Music

Collection of love letters written by Dylan sold for $670K

People Dylan Letters Auction
This Sept. 2022 photo shows a personal collection of love letters written by Bob Dylan to his high school sweetheart in the late 1950s. The Livraria Lello in Porto, Portugal plans to keep the archive of 42 handwritten letters totaling 150 pages complete and available for Dylan fans and scholars to study, auctioneer RR Auction said in a statement Friday, Nov. 18.
Nikki Brickett | ARR Auction | The Estate of Barbara Hewitt via AP

A collection of touching and sometimes prescient personal letters written by a young Bob Dylan to a high school girlfriend has been sold at auction to a renowned Portuguese bookshop for nearly $670,000.

The Livraria Lello in Porto, Portugal, which bills itself as “the World's Most Beautiful Bookshop," plans to keep the archive of 42 handwritten letters totaling 150 pages complete and available for Dylan fans and scholars to study, auctioneer RR Auction said in a statement Friday.

Dylan, a native of Hibbing, Minnesota, wrote the letters to Barbara Ann Hewitt between 1957 and 1959 when he was still known as Bob Zimmerman. They provide an insight into a period of his life of which not much is known.
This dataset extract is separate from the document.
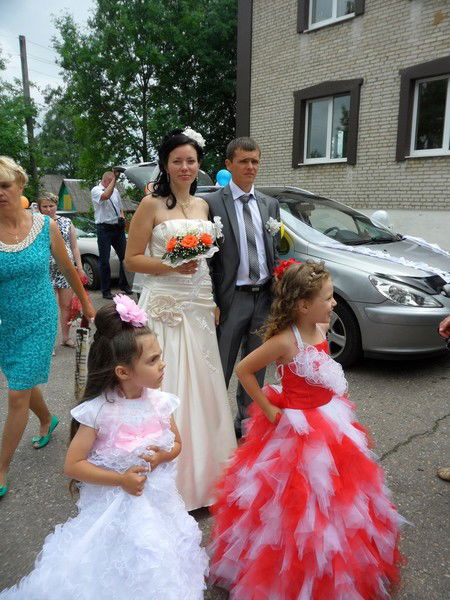 Екатерина Толстенкова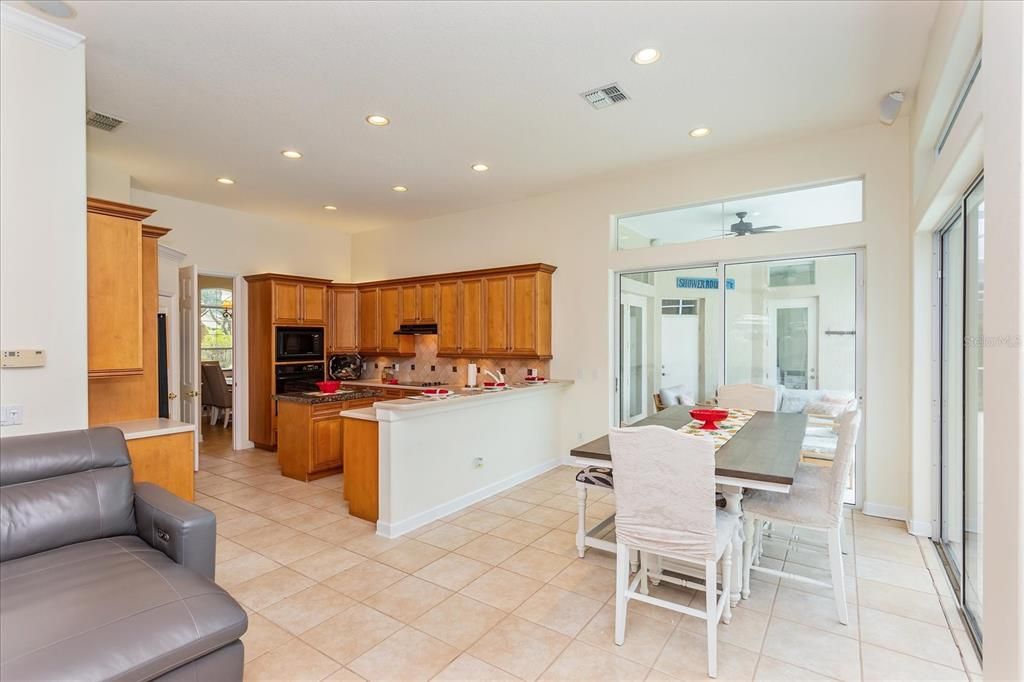 For Rent: $4,695 (5 beds, 4 baths, 3390 Square Feet)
Remarkably, in some of the letters Dylan writes about changing his name and hoping to sell a million records. Decades later, the now 81-year-old Dylan and 2016 recipient of the Nobel Prize in Literature has sold about 125 million records.

The young musician also expresses his affection for Hewitt, invites her to a Buddy Holly show, includes little fragments of poetry, and talks about the sorts of things that generations of high school students have been concerned about, such as cars, clothes and music.

Hewitt’s daughter found the letters after her mother died in 2020. The original envelopes addressed in Dylan’s handwriting were sent to the Hewitt family’s new home in the Minneapolis-St. Paul suburb of New Brighton.

Several other items of Dylan memorabilia were also sold at the auction, including an archive of 24 “Poems Without Titles" written when the singer-songwriter attended the University of Minnesota, which sold for almost $250,000; and one of the earliest known signed photographs of Dylan that went for more than $24,000.